What job makes $10,000 a month without a degree?

An Assistant Hedis typically does not earn $10,000 a month without a degree; high earnings in healthcare-related roles often require specialized certifications or experience. Jobs that can reach this income level without a degree include sales, real estate, or certain entrepreneurial ventures, but they usually depend on performance and market conditions.

What are Assistant HEDIS roles and responsibilities?

An Assistant HEDIS supports the Healthcare Effectiveness Data and Information Set (HEDIS) process by assisting with data collection, record review, and reporting for healthcare organizations. Their responsibilities typically include gathering medical records, verifying data accuracy, coordinating with providers, and helping with documentation to ensure compliance with HEDIS measures. They play a key role in quality improvement initiatives and help organizations meet regulatory and accreditation requirements.
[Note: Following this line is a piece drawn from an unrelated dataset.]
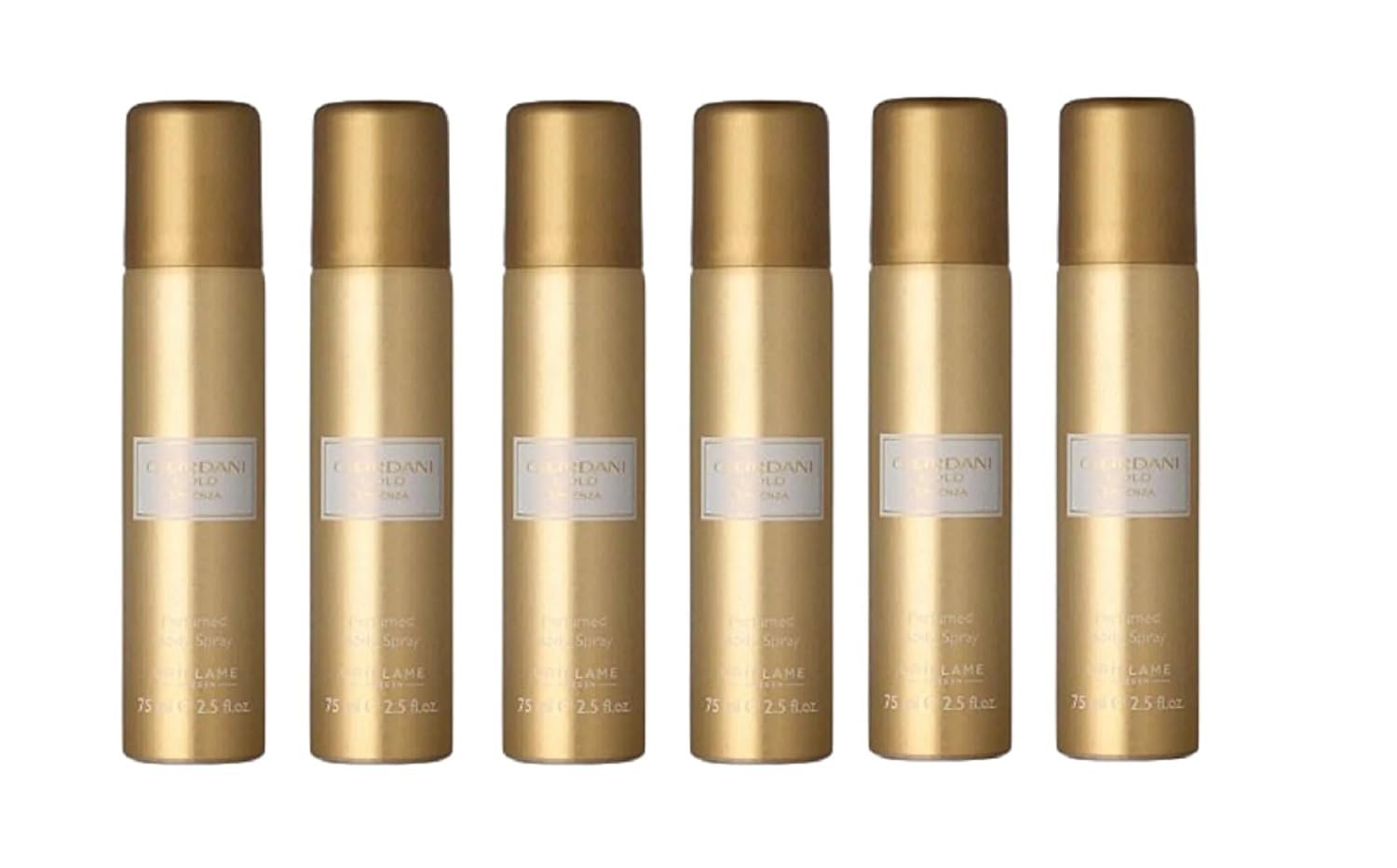 Giordani Gold Essenza Perfumed Body Spray 75ML each (Pack of 6)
What are the key skills and qualifications needed to thrive as an Assistant HEDIS, and why are they important?

To thrive as an Assistant HEDIS, you need a solid understanding of healthcare quality measures, data collection, and medical terminology, often supported by a background in health information management or a related field. Familiarity with HEDIS software, electronic medical records (EMRs), and proficiency in Microsoft Excel are typically required, and certification as a Registered Health Information Technician (RHIT) is a plus. Strong attention to detail, organizational skills, and effective communication are essential soft skills for managing sensitive data and collaborating with clinical staff. These abilities ensure accurate data reporting, compliance with healthcare standards, and contribute to the overall quality improvement efforts of healthcare organizations.

What is the difference between Assistant Hedis vs Hedis Coordinator?
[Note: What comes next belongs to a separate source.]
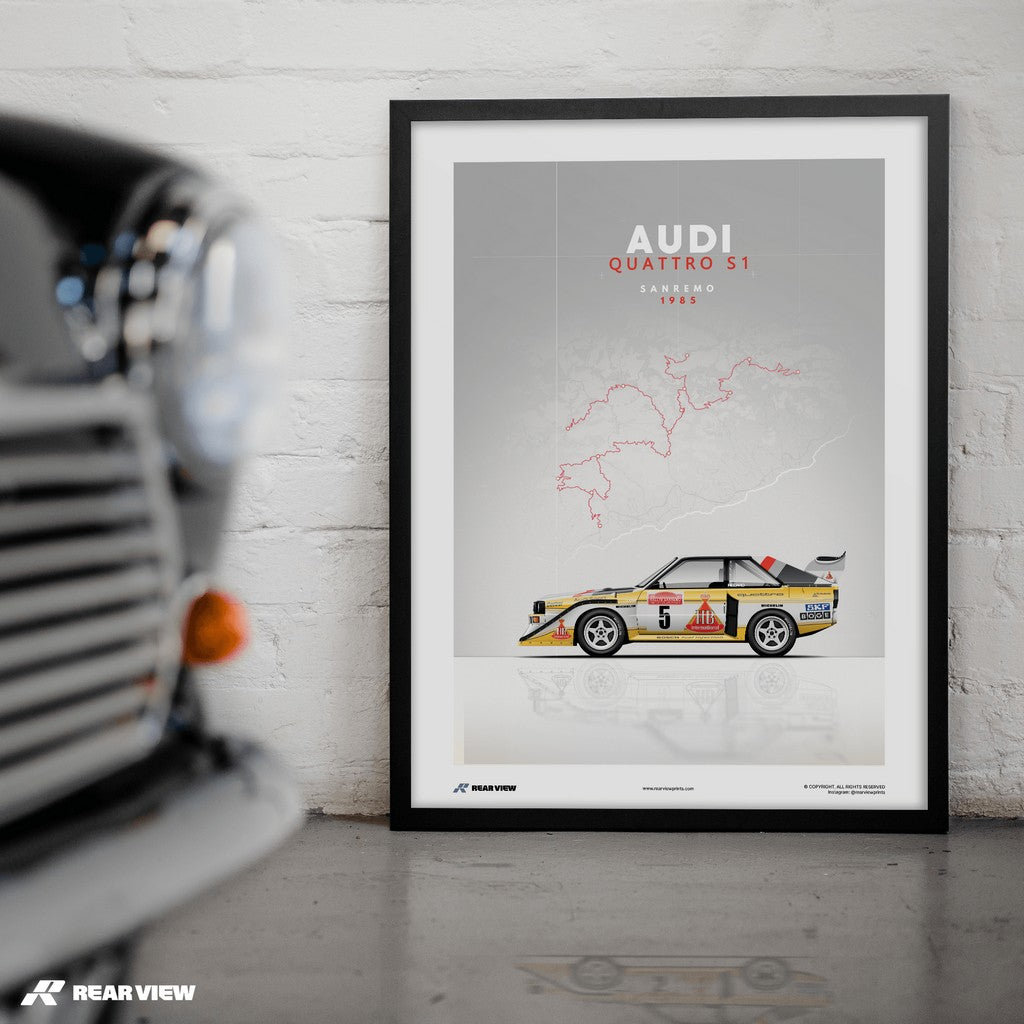 Sanremo Verfolgungsjagd - Sport Quattro Kunstdruck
AspectAssistant HedisHedis Coordinator
CertificationsTypically requires a healthcare-related certification or experienceOften requires similar certifications, with additional case management or healthcare coordination credentials
Work EnvironmentAssists in clinical or administrative tasks within healthcare settingsManages HEDIS data collection and quality improvement initiatives in healthcare organizations
Employer & IndustryHealthcare providers, insurance companies, Medicaid/Medicaid managed careHealth plans, Medicaid agencies, healthcare quality organizations
Search & Comparison IntentPeople looking for entry-level or supportive roles in HEDISIndividuals seeking roles focused on HEDIS data management and quality assurance

The Assistant Hedis role primarily supports HEDIS-related tasks with a focus on assisting healthcare teams, while the Hedis Coordinator oversees data collection, analysis, and quality improvement efforts. Both roles require healthcare knowledge, but the Coordinator position typically involves more responsibility for data management and compliance.

What is a HEDIS job?

A HEDIS job involves working with Healthcare Effectiveness Data and Information Set (HEDIS) measures, which are used to evaluate the quality of healthcare services. Professionals in this role typically review medical records, analyze data, and ensure compliance with healthcare quality standards, often requiring knowledge of healthcare regulations and data management tools.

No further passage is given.